Leaders get things done through their personality—the way they communicate their strategy, caring and sense of purpose.
“The ability to speak convincingly to others – to compel them – has to rank as one of the most important skills in business and in life,” notes Canadian presentation—skills consultant Jim Gray in his 2010 book, How Leaders Speak. Yet it’s one skill that few people consciously develop—even though it can make or break your business or career.
Gray’s book is intended to help all leaders become more convincing communicators. The good news: “Great speakers are made, not born,” he says.
Gray builds his book around the “five keys to speaking like a leader”: Preparation, certainty, passion, engagement and commitment.
Here’s what he means by each “key.”
Preparation: The best speakers are rigorous and disciplined about being prepared for their communication opportunities, says Gray. They take time to think about who their audience is, and what the listeners need to know to respond positively to the message to be delivered. “Winging it” is for losers. According to Gray, “Audiences can tell, astonishingly quickly, whether speakers have taken the time to learn anything about them or not.”
Gray’s secret: as part of your prep, prepare a “nugget” in your message – valuable information that your audience likely doesn’t know. If you can’t find the nugget, create it – by talking to industry insiders or conducting your own survey (formal or otherwise) to develop new knowledge with which to intrigue your listeners.
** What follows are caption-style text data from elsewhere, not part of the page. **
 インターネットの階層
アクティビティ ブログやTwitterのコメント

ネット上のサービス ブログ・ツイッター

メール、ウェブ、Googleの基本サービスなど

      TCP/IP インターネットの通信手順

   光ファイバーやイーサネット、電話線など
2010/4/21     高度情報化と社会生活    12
Certainty: “Certainty in your presentation means confidence in yourself, in your story, and in your ability to take on any situation,” says Gray. Make sure your audience is ready to hear you (don’t start if they’re still fiddling with their BlackBerrys). Speak with confidence, and offer a personal anecdote early on that demonstrates your personality and builds your credibility.
Gray’s tip for developing certainty: speak slowly. Many speakers rush through their presentations, because they have so much fabulous material; by taking it slow, you’re emphasizing your key points and your unshakeable confidence.
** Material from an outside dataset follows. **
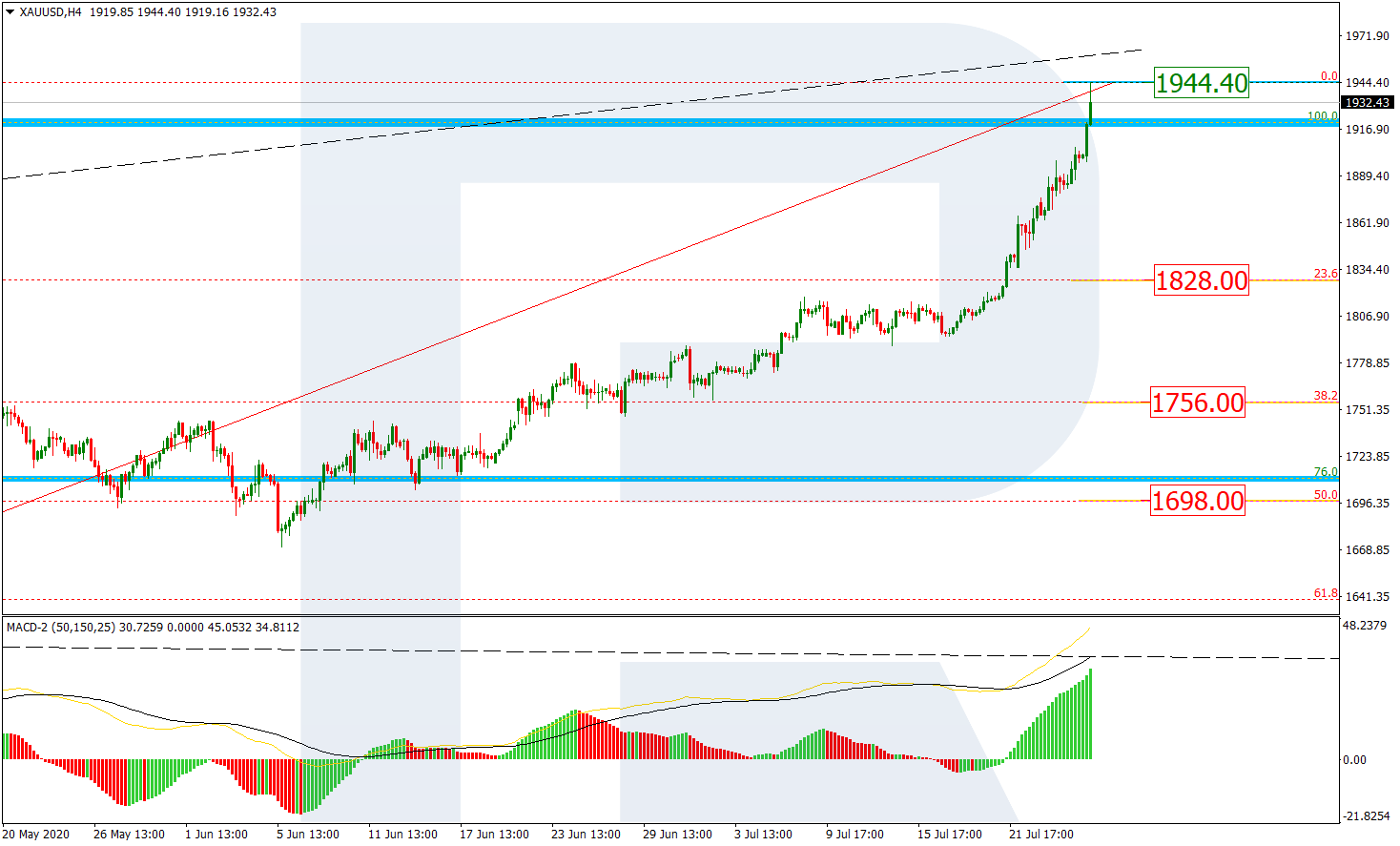 GOLD_H4 تحليل وتوقعات الذهب على إطار 4 ساعات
Passion: Your words may be pretty, inspiring or challenging, but it’s your passion that will build the relationship with your audience. Don’t let your voice falter or go faint; use a wireless microphone so you are free to move about the platform; and be enthusiastic about every point you make (if there are topics you’re not passionate about, consider leaving them out).
In the middle of a presentation, never ask yourself how you’re doing; ask yourself how your audience is feeling. Build to a strong close, with strong ideas and strong words. Give ’em something to remember you by!
Engagement: Find ways to connect with your audience. Make sure you understand their hopes, their fears. Know who their heroes are; if any are in the audience, take time to salute them. Make eye contact with your audience; overuse the word “You”; use repetition to clarify and reinforce key messages.
If your presentation has been recorded, review it as soon as you can. Note especially where you engaged the audience, and where you think you started to lose them. If they’re not engaged, you haven’t done your job.
Commitment: Speaking like a leader isn’t just for the podium: “It demands that you communicate with excellence in every situation imaginable, whether the audience consists of one or one thousand.” Be definitive, says Gray; think solutions; and stay optimistic. Pessimists don’t inspire anyone.